### Web page caption snippets:
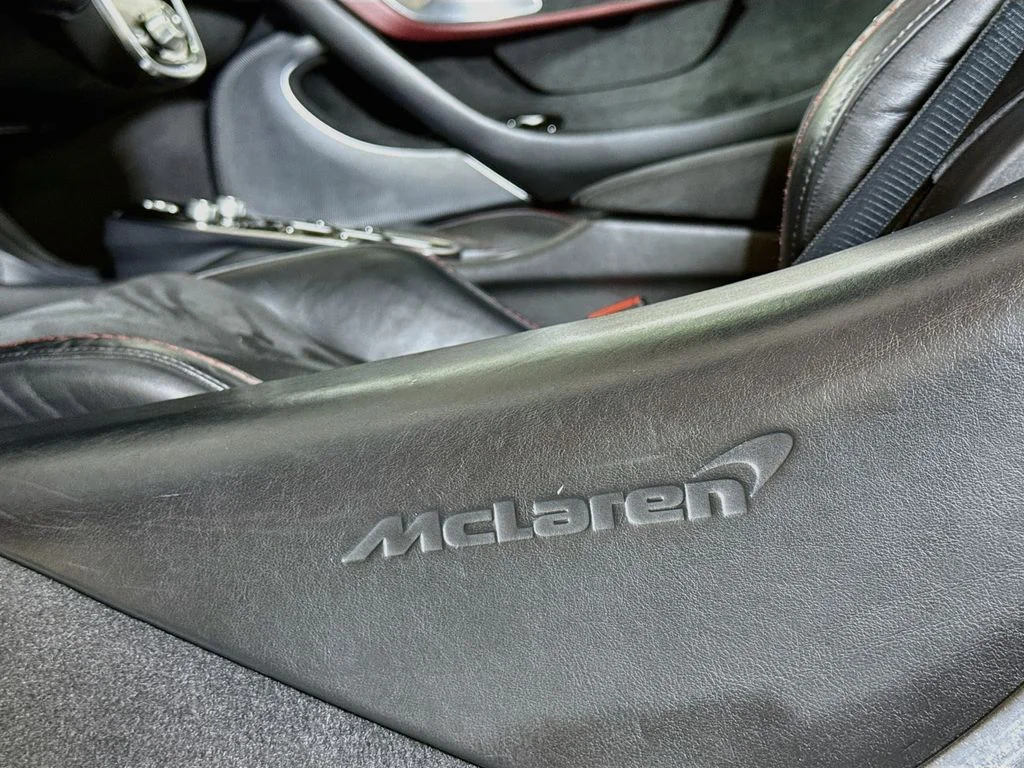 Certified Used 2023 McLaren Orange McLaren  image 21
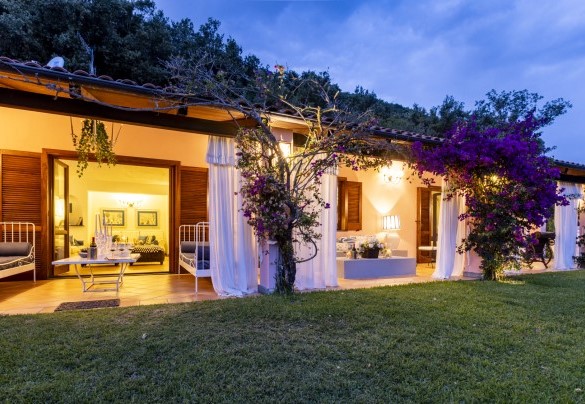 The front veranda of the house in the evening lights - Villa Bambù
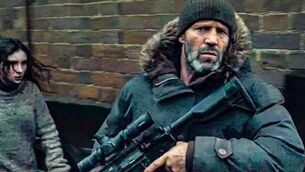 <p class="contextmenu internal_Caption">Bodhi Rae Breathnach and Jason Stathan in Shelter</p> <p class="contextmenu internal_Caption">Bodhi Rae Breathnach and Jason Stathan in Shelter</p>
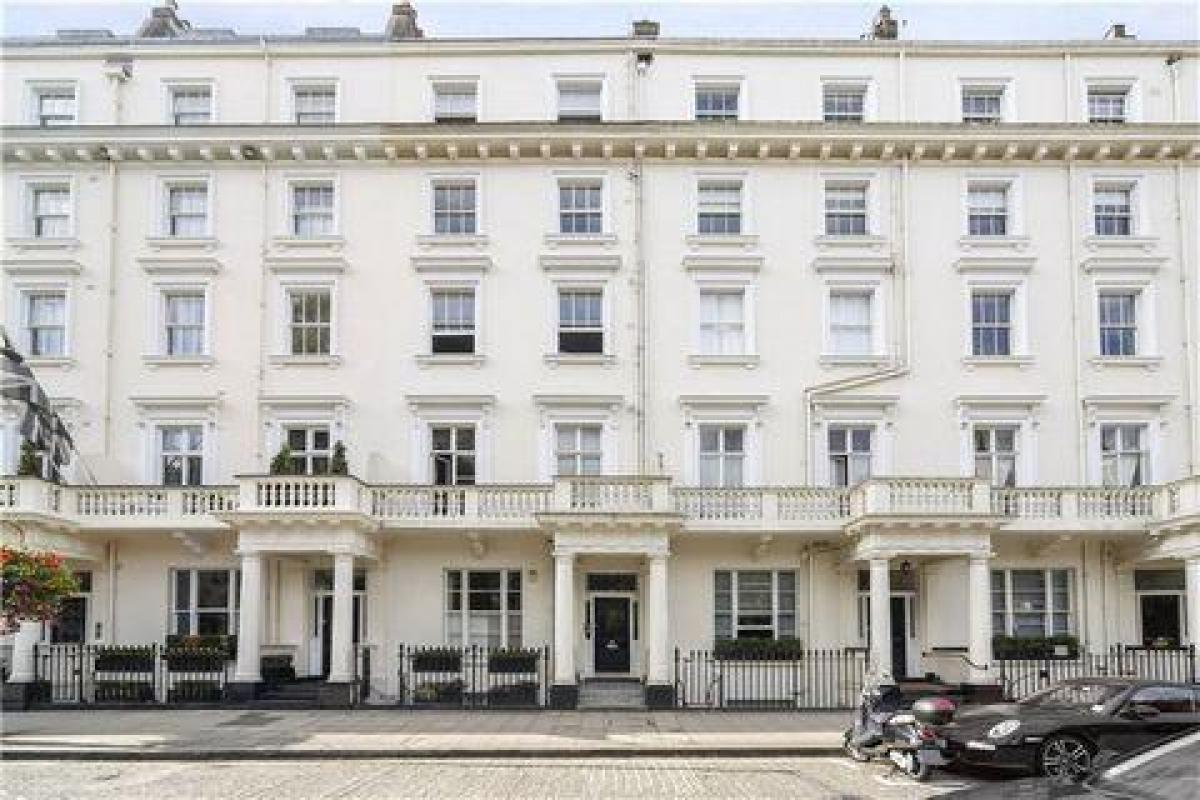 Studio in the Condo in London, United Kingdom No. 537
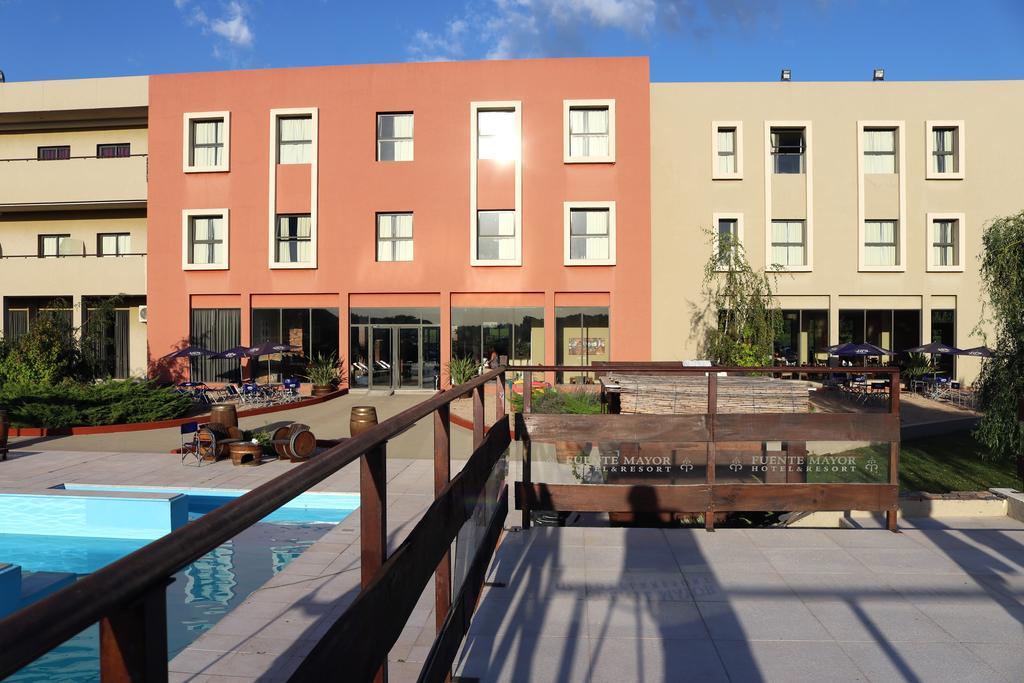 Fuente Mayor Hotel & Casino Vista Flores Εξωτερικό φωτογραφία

### Your goal:
Give back, exactly and without pictures, the stretch of the records above from the line containing "The front veranda" through the line containing "in Shelter</p> <p", with both end lines included.

### Response below:
 The front veranda of the house in the evening lights - Villa Bambù
 <p class="contextmenu internal_Caption">Bodhi Rae Breathnach and Jason Stathan in Shelter</p> <p class="contextmenu internal_Caption">Bodhi Rae Breathnach and Jason Stathan in Shelter</p>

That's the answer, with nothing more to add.